Beyond Kanin Energy, Tran supports the clean energy sector through research, advocacy and education. She co-founded Student Energy in 2009, a global youth-led organization focused on empowering young people to accelerate the sustainable energy transition. Tran’s efforts towards achieving a net-zero world have earned her recognition from publications like Forbes and Harvard Business Review. She holds a master’s degree in science in sustainability management from Columbia University and a master’s degree in accounting from the University of Saskatchewan.

Jessie Turner | 2023 Pritzker Nominee

Jessie Turner, executive director, International Alliance to Combat Ocean Acidification

nominated by Mark Gold

The ocean absorbs about 22 million tons of carbon dioxide every day, regulating the earth’s climate and mitigating the impact of greenhouse gas emissions. However, as the ocean absorbs more carbon dioxide, it leads to ocean acidification, which negatively affects marine life and ecosystems.
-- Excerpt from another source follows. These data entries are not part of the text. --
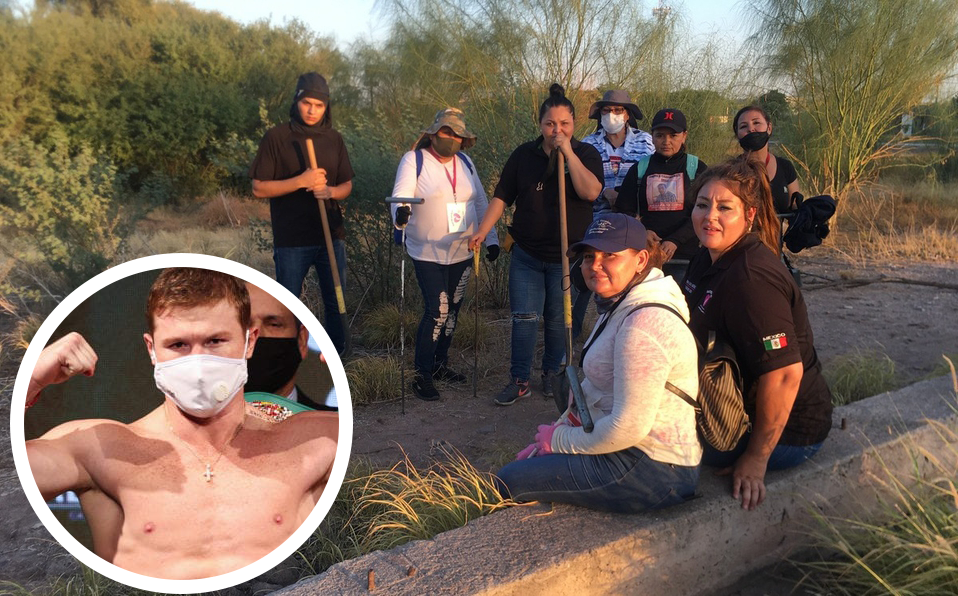 Rastreadoras de Ciudad Obregón buscan a “Canelo” Álvarez para que las apoye con un auto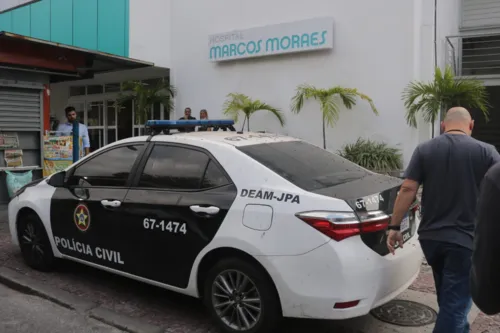 Carro chegou na unidade na tarde desta quarta-feira (3).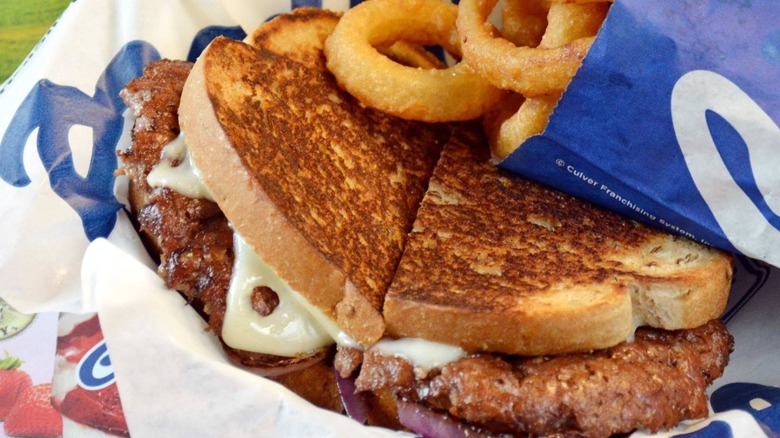 Culver's Wisconsin Swiss melt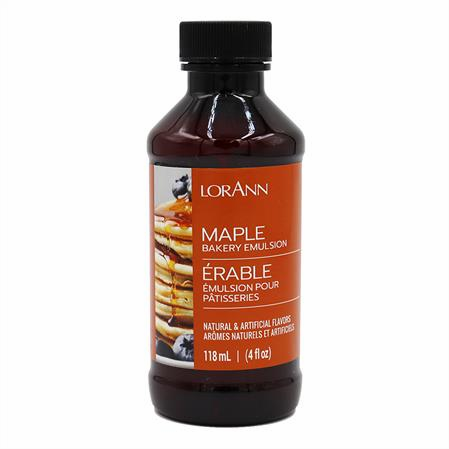 [02605] Maple Bakers Emulsion 4 Fl Oz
Jessie Turner is the executive director of the International Alliance to Combat Ocean Acidification, or the OA Alliance, an organization focused on addressing the impacts of climate change on the ocean. The OA Alliance works to raise awareness of the effects of ocean warming, acidification and deoxygenation, which are often overlooked or misunderstood by decision-makers in climate mitigation and adaptation strategies.

Turner plays a vital role in setting the strategic direction of the OA Alliance, establishing partnerships and translating scientific knowledge into policy and action. As executive director, she facilitated the development of action plans to address the effects of ocean acidification. The plans gained support from more than 130 members across 25 countries, including national, state, municipal, Tribal and First Nation governments, as well as affiliate partners like non-governmental organizations and seafood industry leaders. By communicating the urgency of climate-ocean impacts and highlighting actionable pathways, Turner aims to inspire greater engagement and action to safeguard ocean ecosystems and human communities.